The video for “Private Dancer” led Capitol Records and Sony Video’s campaign for Tina Turner — Private Dancer, a videocassette that compiled the title track, “Let’s Stay Together”, “What’s Love Got to Do With It”, and “Better Be Good to Me” as part of  Sony’s “Video 45” series, which also included releases by Capitol/EMI artists like David Bowie, the Motels, Kim Carnes, Ashford & Simpson, Stray Cats, and Duran Duran. Sony Video Software’s national marketing manager Andrew Schofer told Billboard that the video marked the first time “a Video 45 is made available at the marketplace at the same time that one of its clips is going into rotation on music video outlets and its single is being pushed up the charts” (22 December 1984).

Bill Burks, Vice President of Merchandising and creative services for Capitol, explained the synergy behind the label and video company’s partnership. “Video dealers and distributors are often hurt when music video product enters the marketplace so long after first being viewed on video outlets that they don’t benefit from the earlier exposure,” he said. “This way both sides reinforce each other while the whole thing underscores the fact that we’re midway through the Private Dancer project, and are reminding the industry, retail and consumer communities that it’s longterm.”

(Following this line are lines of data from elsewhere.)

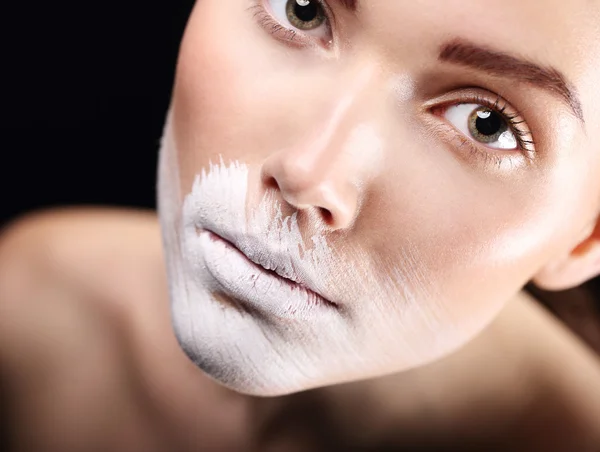 Maquillaje blanco. Misterio —  Fotos de Stock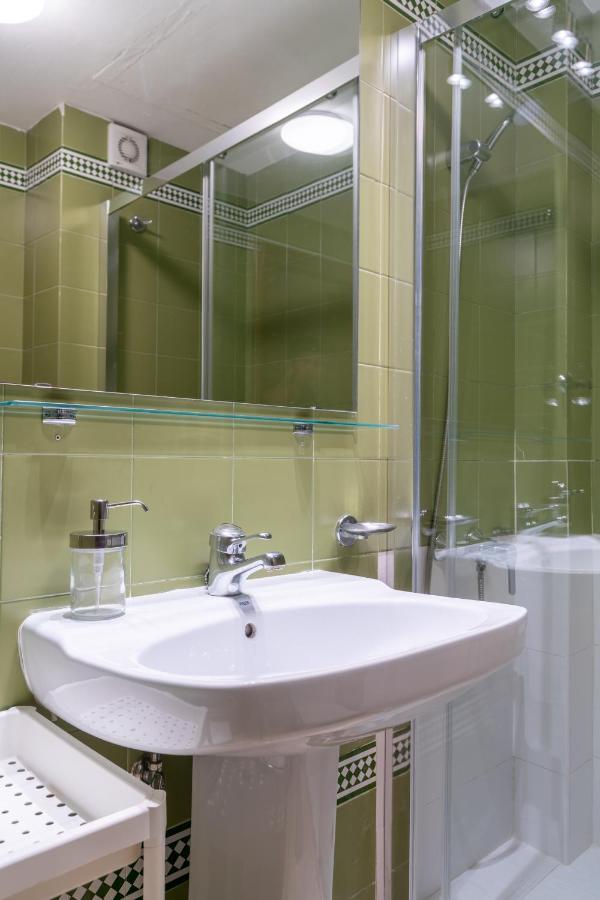 Vr excelente ubicacion luminoso apt para parejas Sevilla Exterior foto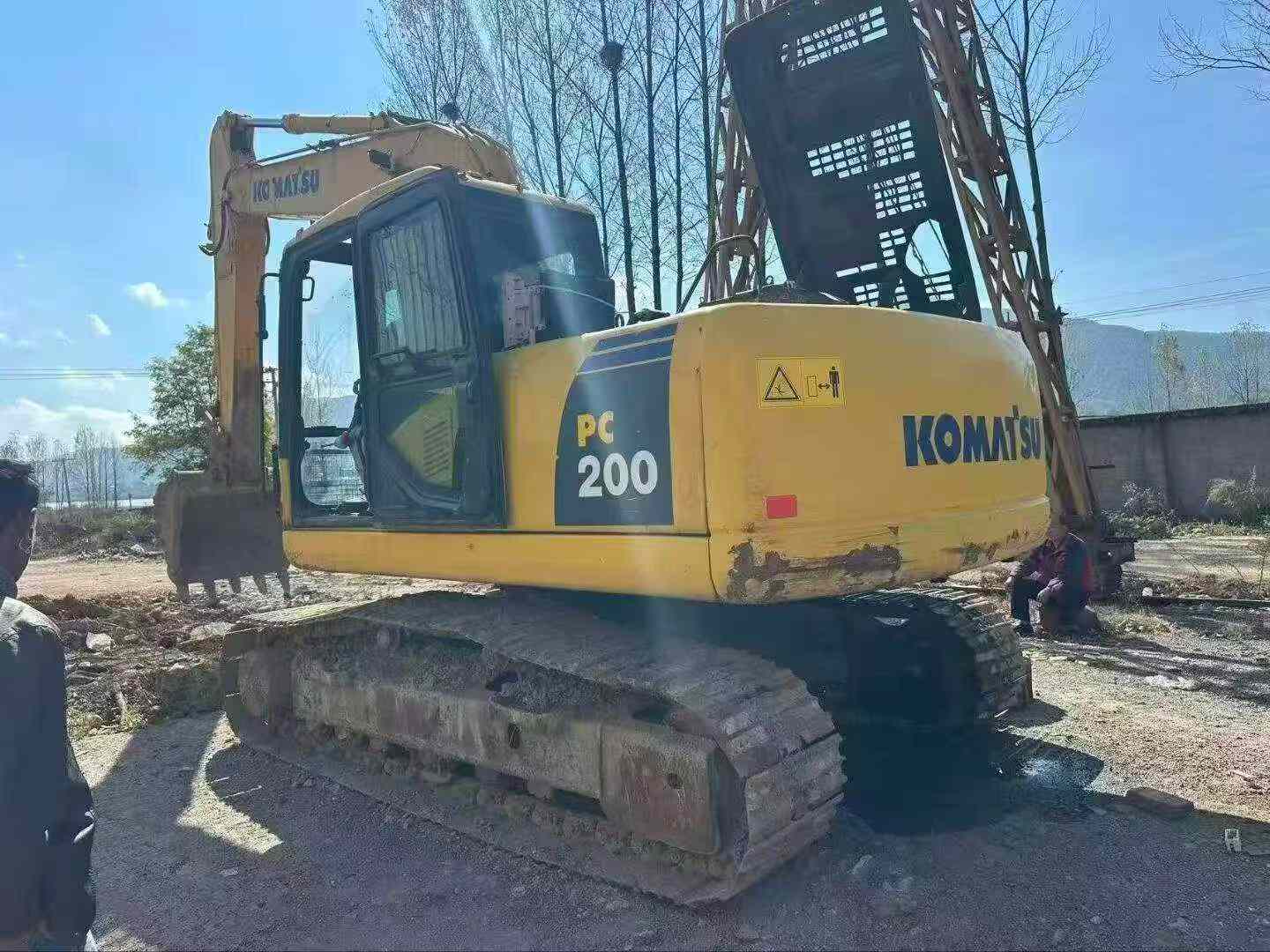 Buy Komatsu PC160-7 Used Excavator / 6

The strategy worked. Capitol issued “Private Dancer” on 28 December 1984 in advance of the videocassette’s mid-January release. The single debuted on the Hot 100 the week ending 19 January 1985, slowly climbing up the Top Ten. A week later, Turner performed “Private Dancer” on the American Music Awards where she won two awards, including “Favorite Black Female Video Artist”. Within two months of its release, Tina Turner — Private Dancer made Billboard history as the first video to top the trade magazine’s brand new Top Music Videocassette chart (30 March 1985). The video drew enough attention that even The New York Times reviewed the four-song “Video 45”, writing that “Tina Turner’s self-possessed sexiness is so phenomenal that watching her perform in any setting can be mesmerizing” (26 May 1985).